I don't like Autism Speaks. I'm Disabled, not differently abled, and I am an Autistic activist. Self-advocate is true, but incomplete.

Citing My Posts

MLA: Zisk, Alyssa Hillary. "Post Title." Yes, That Too. Day Month Year of post. Web. Day Month Year of retrieval.

APA: Zisk, A. H. (Year Month Day of post.) Post Title. [Web log post]. Retrieved from http://yesthattoo.blogspot.com/post-specific-URL.

Sunday, August 31, 2014

Language and Interaction, Online and Offline

Something I've noticed different between online and offline is reactions when I say things.
Especially about language.

I say offline/online rather than online/real world because the internet is a subset of the real world. "Digital" doesn't mean "not real" any more than "socially constructed" means "not real"- that is, it's real, it exists, but there's a certain limit on where you'll run into it.

Anyways.

Online, I hear a lot of "not like my child." I hear a lot of "so high functioning." I hear a lot of "You mean a person with autism."

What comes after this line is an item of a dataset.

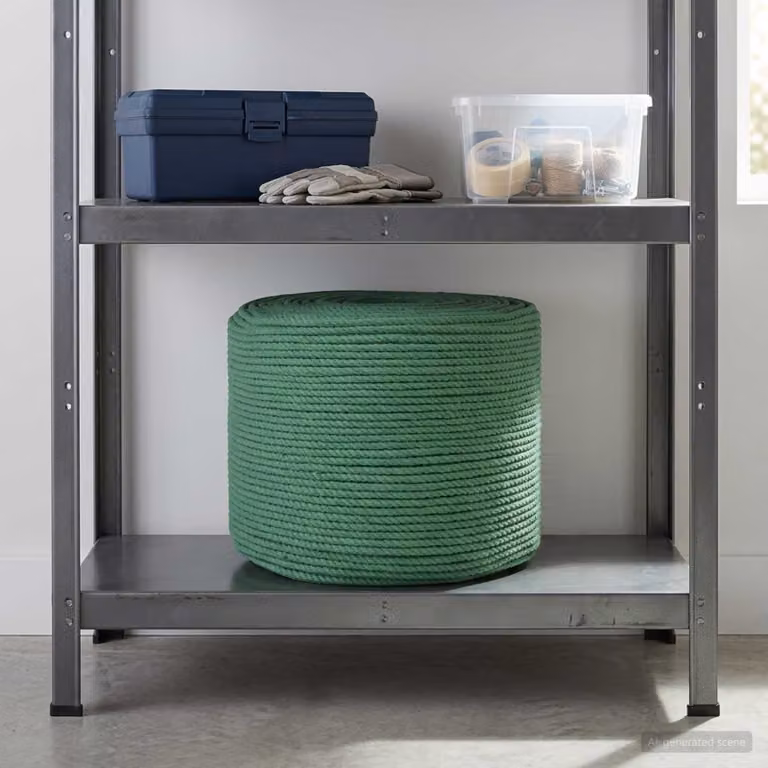 Spago di cotone verde vidaXL, lunghezza 250 m, diametro 4 mm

Offline... at least in the offline places where I am, not so much. It might be more about the types of spaces I'm in offline versus online, in that offline, disability services is about the most disability-centric place I wind up on even a semi-regular basis.

I get a lot more "Oh, I'd love it if you could talk to my kid, he doesn't know any adults with autism," and I semi-joke "Oh, he still won't, I'm an Autistic adult. Very different, you understand." And they maybe ask why, maybe don't, but they don't insist I'm calling myself the wrong thing usually. At least, they haven't done it at me yet.

I do get a lot of "I couldn't tell," still, but it's always followed by "huh, you're right" when I point out that the descriptions they'd see in media are mostly little white boys rocking and screaming in the corner, not, well, adults.

I get a lot more "I never thought about that" when I say... often times the same words about disliking the word "differently abled" or "assistive tech" (though in assistive tech's case I'm not sure what to replace it with, for differently abled I just don't use it because it was already a euphemism for disabled.)

What got me thinking about this was the comments section on X Years of Experience (actually a nice short discussion) and how that seems to be unusual. Whereas that kind of discussion isn't all that unusual when I get disability related topics going offline in places that weren't disability-themed before.  I'm  not sure what that means (other than that I'm pretty lucky to be surrounded mostly by not-terrible offline.)